Comments are viewed as being an essential part of any website delivering primarily written content, such as this one. So why is this site devoid of them?
This lack of comments has always been a concious choice of mine — this site was never meant to have any. However, it was called to my attention in a Tweet by Richard Archambault the other day that I haven’t yet explained myself.
The absence of comments is attributable to two factors: implementation, and philosophy.
I don’t use a truly dynamic publishing system like WordPress to create my website. The tool I use, nanoc, is designed for the creation of static-file websites, which don’t lend themselves particularly well to comments.

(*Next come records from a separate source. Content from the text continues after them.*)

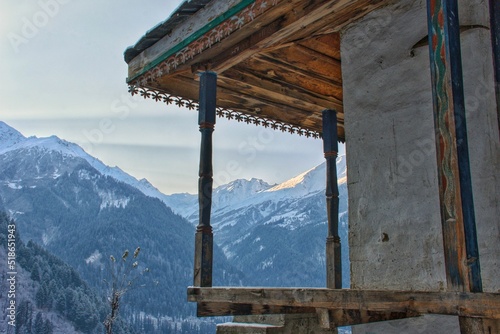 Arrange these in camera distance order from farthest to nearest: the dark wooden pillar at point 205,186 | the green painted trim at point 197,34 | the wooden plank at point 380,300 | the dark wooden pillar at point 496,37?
the dark wooden pillar at point 205,186, the green painted trim at point 197,34, the dark wooden pillar at point 496,37, the wooden plank at point 380,300

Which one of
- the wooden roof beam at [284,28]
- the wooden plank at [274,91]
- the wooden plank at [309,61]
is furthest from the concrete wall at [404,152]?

There’s no plans to change away from nanoc for the moment, so that option isn’t available.
But wait, you might say. Why don’t you use a third-party hosted comment solution like Disqus?
I have nothing against Disqus in particular, but I do take issue with having too many external dependencies, as well as not having control over the appearance of all my site’s components.
Using Disqus (or any similar hosted comments service) forces me to load the necessary scripts from their servers (which I try to limit how often I do), as well as to use the styles they provide. Unfortunately, none of the styles they offer fit in with the message I try to send with this website.
One downside about losing centralized comments is that it’s difficult to see all the different reactions that have occurred. However, my strategy to combat that is simple: update the article in question with links to the external commentary, with a response of my own. (This whole post is really an example of that, thanks again to Richard.)
Even if I could have comments on the site in a technical manner which I agree with, I’m not sure I would.
This is what’s really stopped me from including comments. I don’t believe it’s necessary to have comments on personal sites anymore.
Discussion around posts will still happen (does still happen). However it occurs on other mediums. I receive comments via Twitter, via Facebook, via email, and I feel that the ones I receive there matter more than if I had received them here.
If people are contacting me using those methods, it usually means that they actually have something of substance to say about what I wrote. What they say over Facebook or Twitter is more public than what they say here, so they’re more likely to put out high quality content, if they put anything out at all.
I’m all for high quality content.
The Door is (Still) Open
Omitting comments doesn’t mean I’ve closed the door to discussion on my pieces of writing. It just means I’ve decided to move that discussion elsewhere.